About this task → Your copy should run exactly from the line containing "European Honey Buzzard" to the last line of the entries below, and it should include no pictures.

[Items listed in a dataset]
:::::

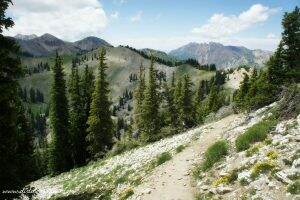 Sunset Peak Trail || Hike Utah || Dirt In My Shoes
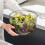 Große Kapazität Transparenter Salatschleuder, PP-Material, 21,6 cm 6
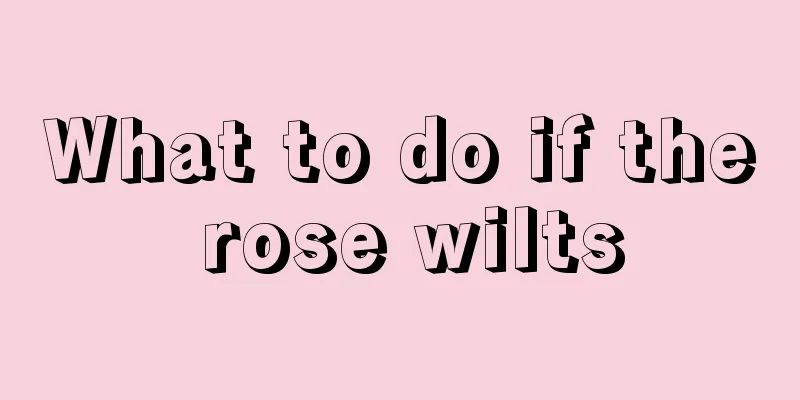 What to do if the rose wilts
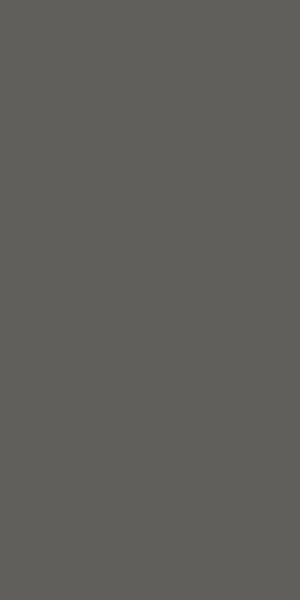 Calplus Parish Grey Design 20009 | 0.8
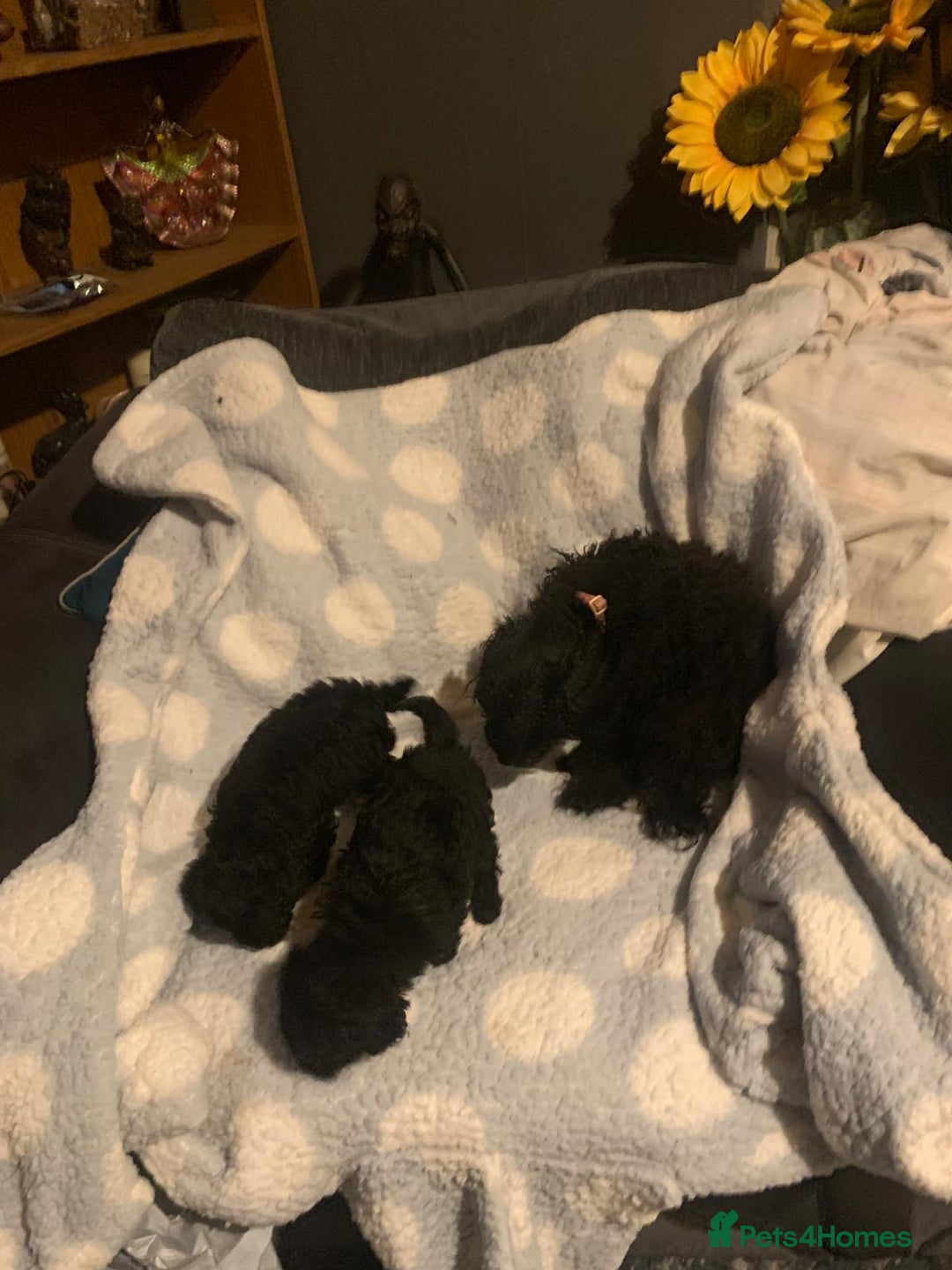 Miniature Poodle dogs for sale: Miniature poodles  - Advert 6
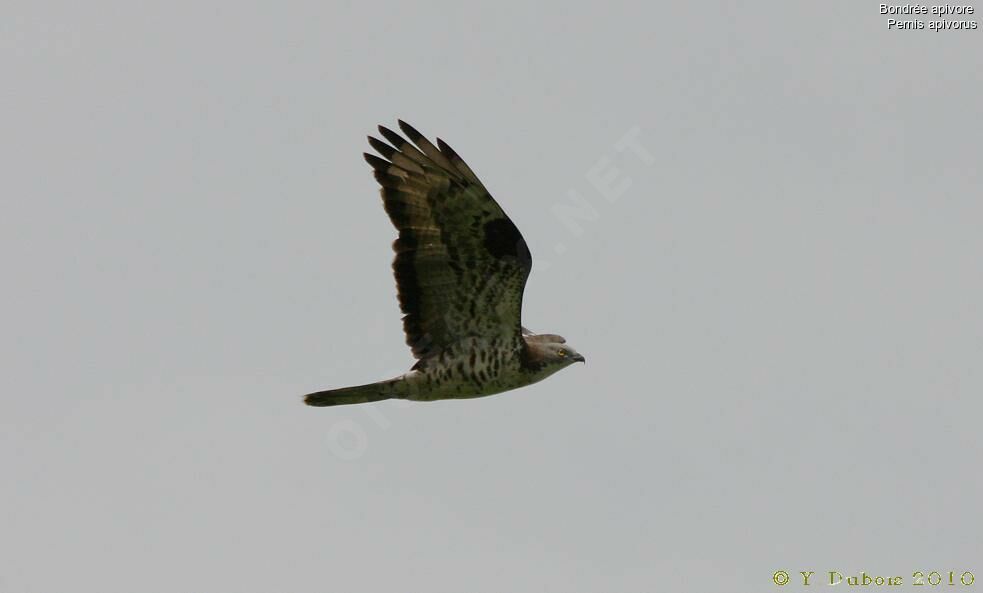 European Honey Buzzard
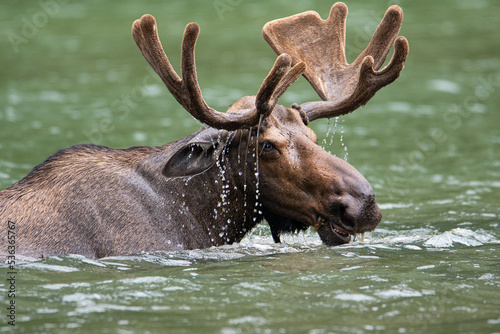 a closeup portrait of a moose snacking in a lake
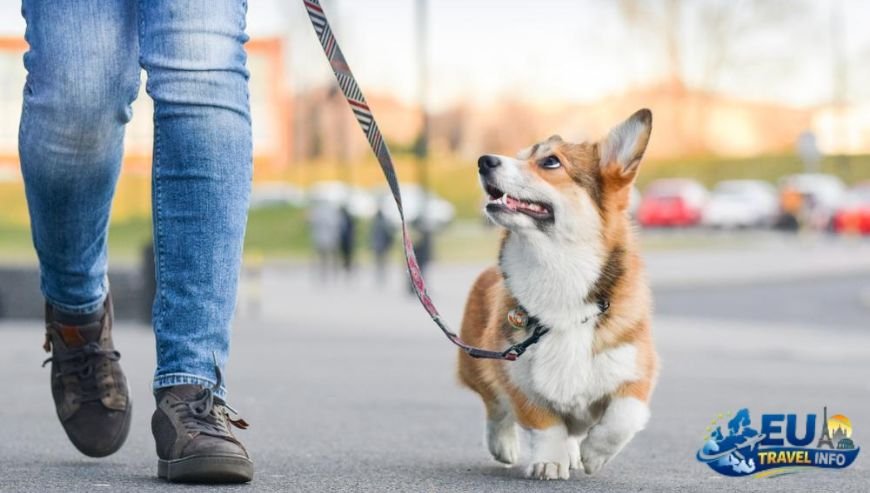 Can I Take My Dog to Cyprus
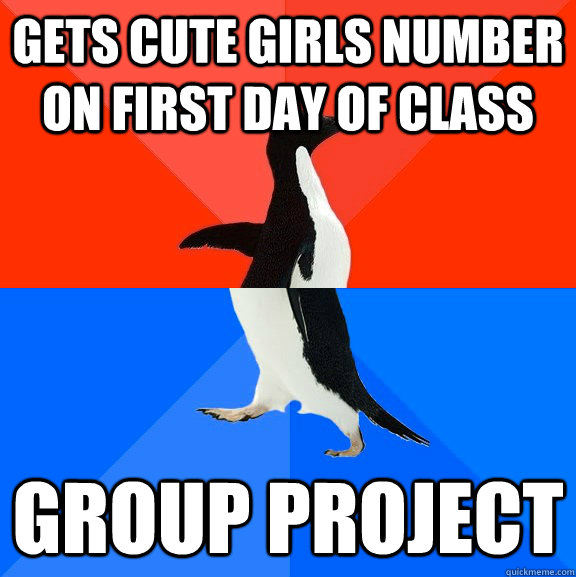 Gets cute girls number on first day of class group project  Socially Awesome Awkward Penguin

:::::

Result of this exercise →
 European Honey Buzzard
 a closeup portrait of a moose snacking in a lake
 Can I Take My Dog to Cyprus
 Gets cute girls number on first day of class group project  Socially Awesome Awkward Penguin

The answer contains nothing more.